Politicians not spending responsibly
Re: City Council doles out funds (Aug. 28 Valley Voice):
Here we go again folks – politicians taking our tax money and giving it to “social service agencies.”
•$5,000 to the Spokane Valley Arts Council – what is that?
•$15,000 to Project Access – never heard of it.
•$11,000 to Spokane Valley Partners – why am I paying my hard-earned money to some “partners?”
Then they dole out the big money to “economic development agencies.” Total bill so far $156,000 – might not sound too expensive to some people, but how many potholes could that have fixed? The politicians who allocate this money are the same ones who advocate spending millions of dollars to revitalize U-City Mall which their constituents do not want.
How about using this money to make the lights turn green when we drive down our arterials so we don’t hit red light after red light? How about saving it for a rainy day? I can guarantee you that soon our Spokane Valley City Council will cry that we are out of money and if we don’t raise our taxes, they will have to cut our police force, our firefighting force, or our school money. Happens every time.
I say vote them all out, and hope someone with fiscal responsibility will replace them. That’s the person I will vote a raise for.
Reader’s view from 1950s needs updating
It is sad Sally Jackson (Vocal Point, “Council ignores wishes of citizens,” Aug. 30 Valley Voice) is still living in the ’50s when the population of the Valley may have been 10,000. A community of over 80,000 citizens needs self-government. One must wonder if Sal just can’t stand small government.
It is strange that for two previous efforts to incorporate she was in the forefront to incorporate as one of the Democratic Party leaders rightfully supporting incorporation. One has to ask what personal slight caused her to become so anti-Spokane Valley city; a complete reversal of a history of support for Valleyites having their own city?

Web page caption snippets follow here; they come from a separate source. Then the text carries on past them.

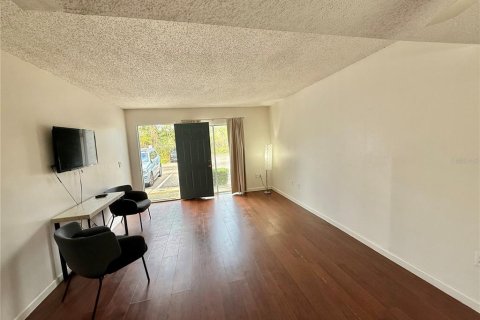Apartment in Orlando, Florida 1 bedroom, 71.07 sq.m. № 2107323 - photo 7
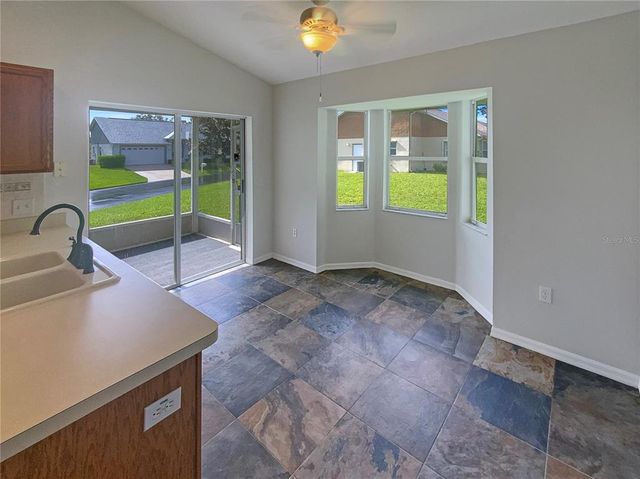 9348 SANTA MONICA WAY, New Port Richey, FL 34655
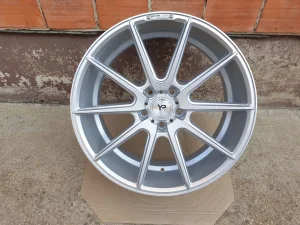 Felna Yido Preformance YP1 Talia 20" 5x112 9J ET42 1 komad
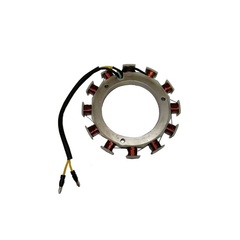 Катушка освещения 6 Ампер Diesel LC188FD/270190013-0001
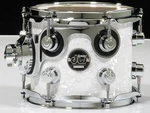 Dw Performance Series 7X8 Tom - White Marine. Fixed Price $489.00.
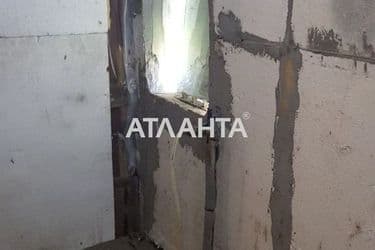 Будинок за адресою вул. Центральна (площа 90 м²) - Atlanta.ua - фото 18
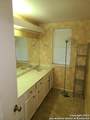 3678 Hidden Dr - Photo 80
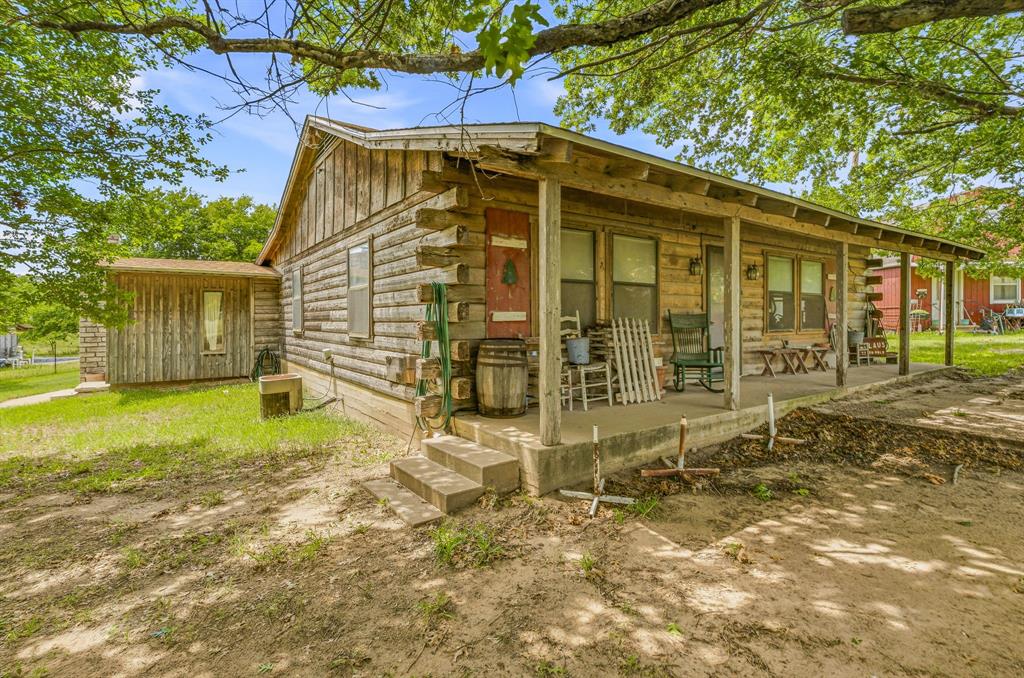 4106 Us-377 Property Photo 13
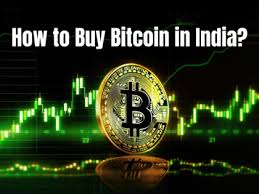 /images/20241015/24lopune0c.jpg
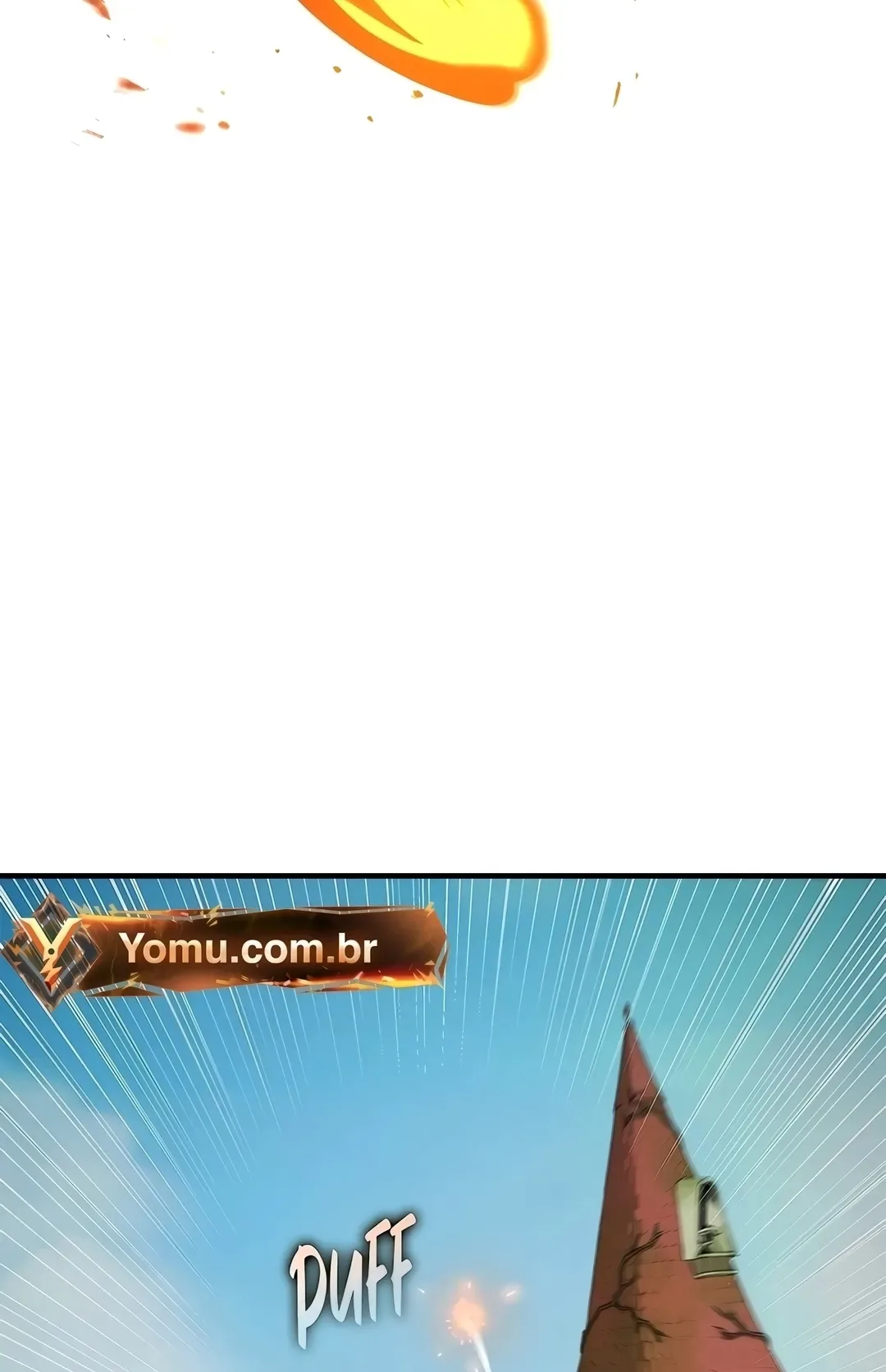Página 79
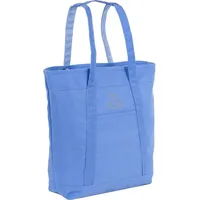 Mustang Mariana Kampala Shopper Soft Blue
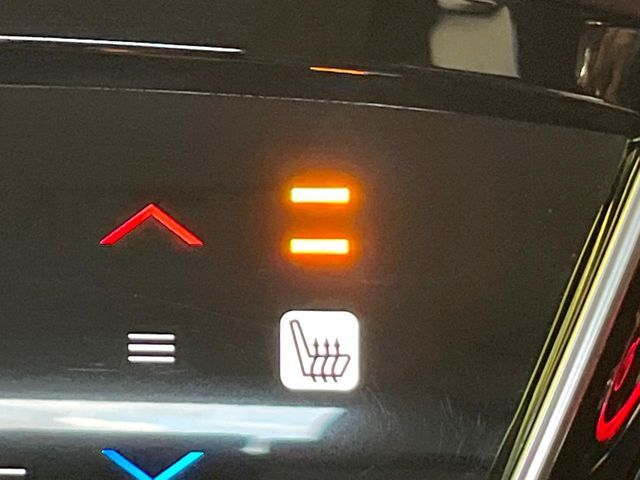 HONDA VEZEL HYBRID 2018 Image 31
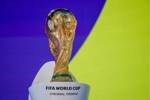 卫报:若伊朗单方面退出世界杯可能被FIFA制裁,禁止参加未来赛事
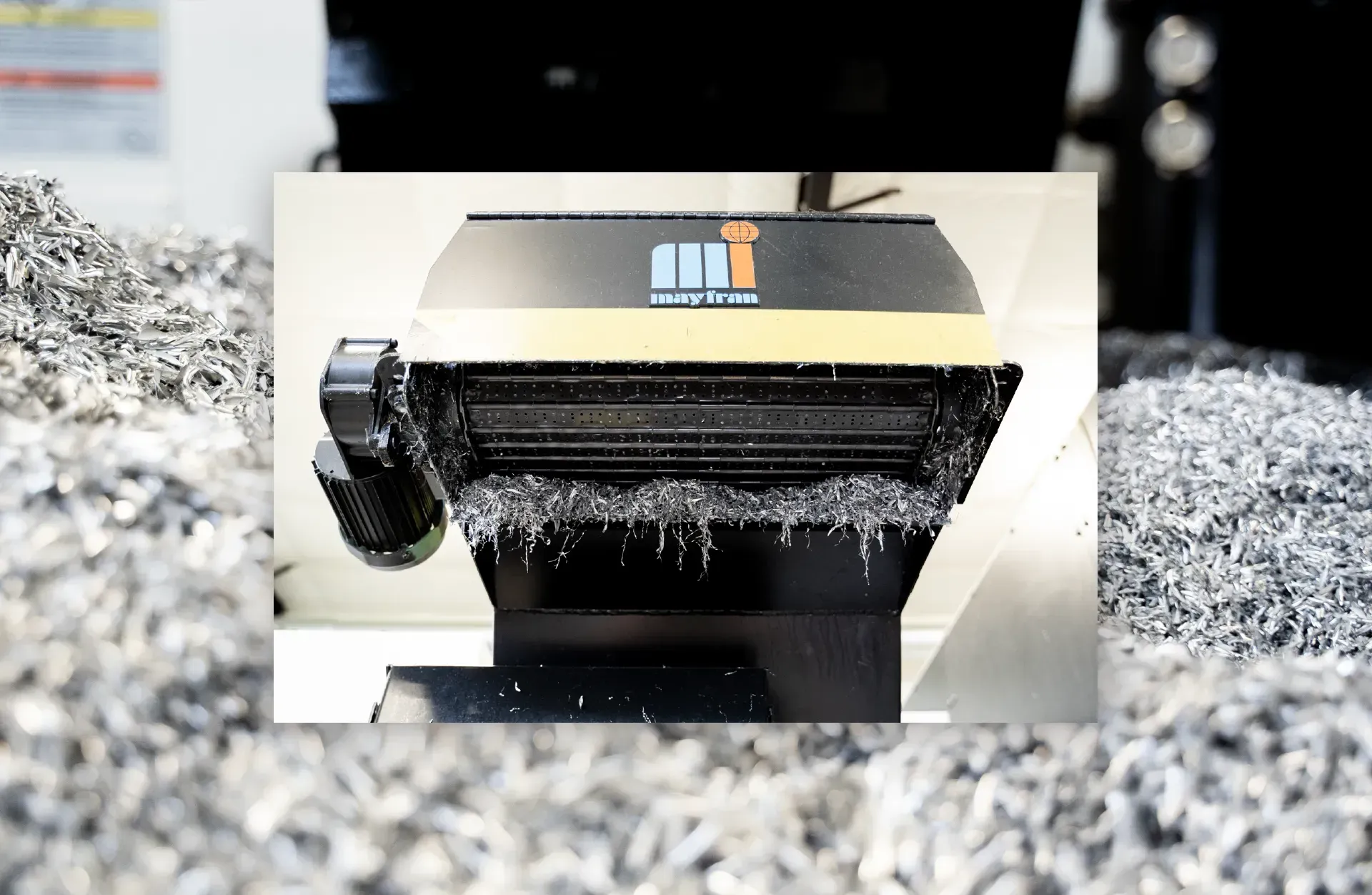 OptiTrack News HBD Photos 03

The measure of a good citizen is to work with the majority after the election to do all you can to make the best of that majority decision. There is no argument that all government needs citizen involvement to keep it on track. To constantly bash good intentions by folks that work hard to inform themselves to help make thoughtful decisions is to be a rainmaker.
I urge the citizens of Spokane Valley to stand tall and have pride in their city. It is a great place to live and work and no amount of bad-mouthing by 1950s revisionism should rain on your city. I urge you to work with your city government; you have a lot to be proud of.